Trump built his political brand on feeding conspiracy theories that directed hate and suspicion toward everyone from scientists to public school teachers to nonprofit organizations, windmills, Pope Leo XIV and even his own political party. Now those conspiracy theories have gone mainstream, to the point where Americans no longer see themselves as one culture but two, locked in deadly combat for the future of their nation. It feels like an inauspicious time to throw a party.

Those partisan and ideological divisions are made even worse by Trump’s desire to turn America’s 250th birthday into a branded exercise in Trump-worship.

Past milestone celebrations have strenuously avoided the appearance of partisan meddling; an aborted effort by President Richard Nixon to put a Republican slant on the 1976 festivities became a minor scandal and ultimately led to the decentralized approach of that year’s nationwide party. But Trump has fewer moral scruples even than Nixon, and so this year’s celebrations already look more like a pep rally for the MAGA right than anything designed to appeal to the millions of Americans who are sick to death of both parties.

As we saw with the collapse of Trump’s Great American State Fair, few artists are interested in lending their talent to events that are clearly aimed only at the president’s fans. The botched event also showcases Trump’s own lack of interest in celebrating anyone besides himself. When it became clear that his event was in trouble, Trump didn’t change course and make the event better — he instead dismissed his own idea as “overpriced” and “boring” before demanding it be canceled.

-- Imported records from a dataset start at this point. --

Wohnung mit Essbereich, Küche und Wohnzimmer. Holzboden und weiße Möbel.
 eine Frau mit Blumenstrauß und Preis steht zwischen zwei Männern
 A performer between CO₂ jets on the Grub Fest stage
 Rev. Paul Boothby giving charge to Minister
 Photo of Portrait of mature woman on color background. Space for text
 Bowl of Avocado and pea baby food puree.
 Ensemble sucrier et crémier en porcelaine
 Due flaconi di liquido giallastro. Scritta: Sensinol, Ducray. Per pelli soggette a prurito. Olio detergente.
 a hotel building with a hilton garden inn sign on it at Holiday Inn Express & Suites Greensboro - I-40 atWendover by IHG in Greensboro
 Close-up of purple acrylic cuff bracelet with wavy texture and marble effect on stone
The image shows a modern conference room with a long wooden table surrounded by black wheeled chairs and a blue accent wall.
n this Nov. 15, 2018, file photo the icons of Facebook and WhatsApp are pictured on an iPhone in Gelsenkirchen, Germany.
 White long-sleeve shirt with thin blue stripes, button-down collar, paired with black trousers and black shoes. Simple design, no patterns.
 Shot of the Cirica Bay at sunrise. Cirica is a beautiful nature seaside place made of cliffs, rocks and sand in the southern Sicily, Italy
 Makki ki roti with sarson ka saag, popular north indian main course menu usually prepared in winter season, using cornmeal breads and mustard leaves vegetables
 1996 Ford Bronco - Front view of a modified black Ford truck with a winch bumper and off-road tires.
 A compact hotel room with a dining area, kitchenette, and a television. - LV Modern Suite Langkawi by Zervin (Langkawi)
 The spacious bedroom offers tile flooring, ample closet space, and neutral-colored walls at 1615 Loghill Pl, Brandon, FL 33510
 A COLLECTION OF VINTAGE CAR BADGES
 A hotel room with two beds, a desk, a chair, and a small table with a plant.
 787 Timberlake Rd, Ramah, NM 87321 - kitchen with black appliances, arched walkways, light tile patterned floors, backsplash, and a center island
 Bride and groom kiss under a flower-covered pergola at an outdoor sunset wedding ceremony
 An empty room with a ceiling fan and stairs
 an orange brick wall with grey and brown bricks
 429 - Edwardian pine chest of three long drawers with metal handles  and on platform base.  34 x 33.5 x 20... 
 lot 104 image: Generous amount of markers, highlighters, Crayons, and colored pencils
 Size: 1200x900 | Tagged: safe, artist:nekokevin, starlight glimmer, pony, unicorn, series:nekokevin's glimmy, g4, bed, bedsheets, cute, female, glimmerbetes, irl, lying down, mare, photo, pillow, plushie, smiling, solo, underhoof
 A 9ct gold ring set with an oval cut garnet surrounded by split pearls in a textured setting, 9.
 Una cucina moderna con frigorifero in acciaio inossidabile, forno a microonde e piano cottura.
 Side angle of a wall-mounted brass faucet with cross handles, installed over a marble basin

In Trump’s mind, the public can have him center stage for the nation’s 250th birthday celebration or it can have nothing. It has always been obvious that Trump had a hokey and low-class vision for the semiquincentennial; his interest in celebrating the country and its people never ran much deeper than the chance to slap his name on a few branded events. What Trump doesn’t realize is that Americans would prefer nothing at all to another one of Trump’s self-glorifying publicity stunts. His record-low approval rating should make that painfully clear.